Répondre à la « nouvelle donne » de l’économie mondiale que la mondialisation financière suscite, nous invite évidemment une fois de plus à rechercher, dans l’enseignement social chrétien, des « choses anciennes et des choses nouvelles », pour nous aider à imaginer de nouvelles formes de coopération, le partenariat par exemple, pour en faire une pratique nouvelle et non un instrument rhétorique de plus. Si nous en respectons la logique, il devrait nous faire faire quelques pas de plus vers un monde plus fraternel.

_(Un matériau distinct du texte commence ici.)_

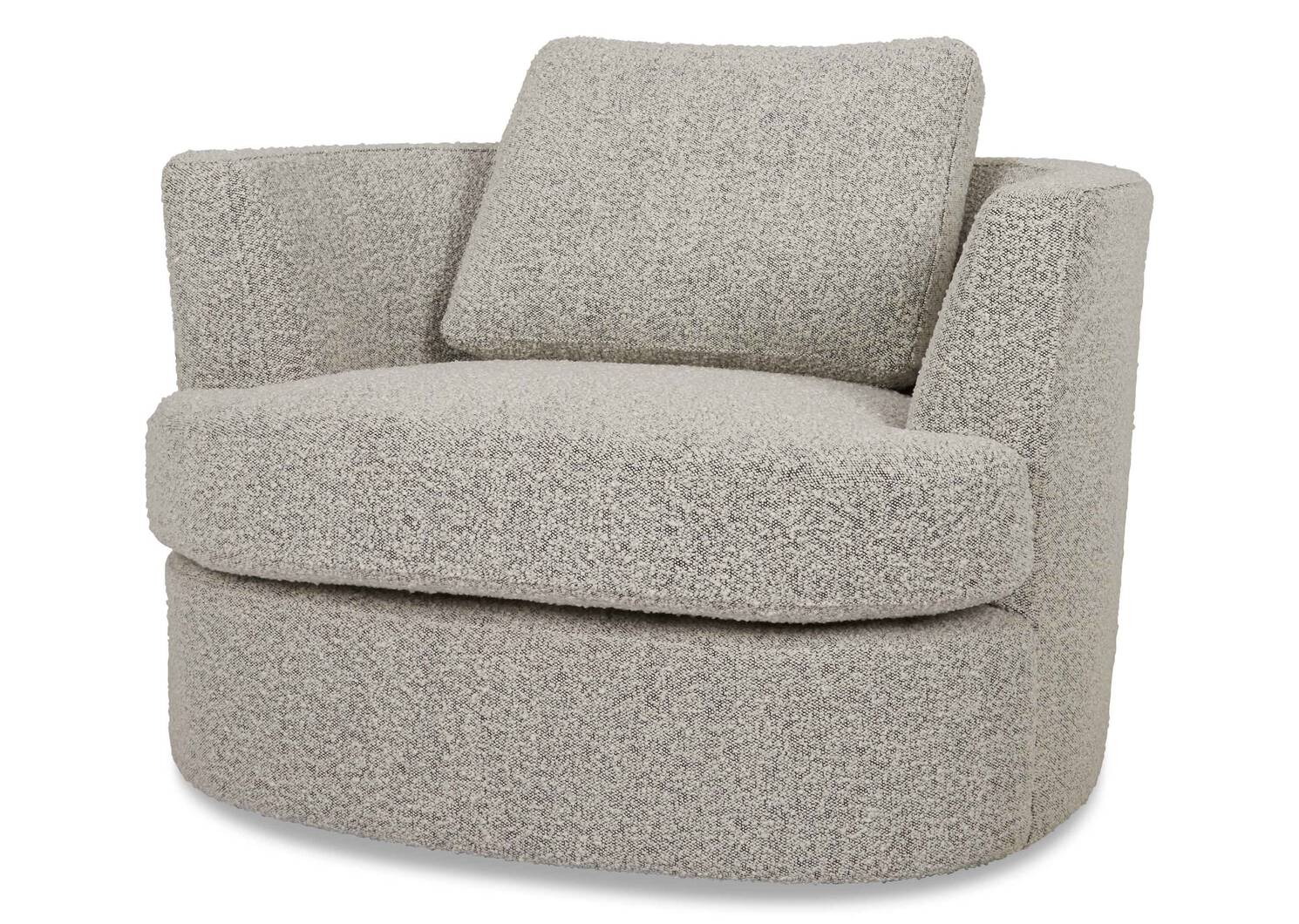 Beverly Swivel Chair -Amalie Pepper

Je pense aussi à la réhabilitation du don, que nous avons retrouvée à diverses reprises au cours de ces trois jours, comme la seule porte de sortie, si nous voulons faire face à toutes les asymétries du monde, pour parler en économiste, simplement en hommes raisonnables. Je pense encore à la nécessité de faire prévaloir le respect de la parole donnée dans un monde où nous sommes si prompts à prendre des engagements et à les oublier sitôt éteints les lampions des grandes conférences internationales. Et enfin, réagir à ces effets de distorsions dans le pouvoir économique que la financiarisation entraîne en imaginant les formules qui permettraient de rétablir un meilleur partage et un meilleur usage de la propriété et de ses revenus.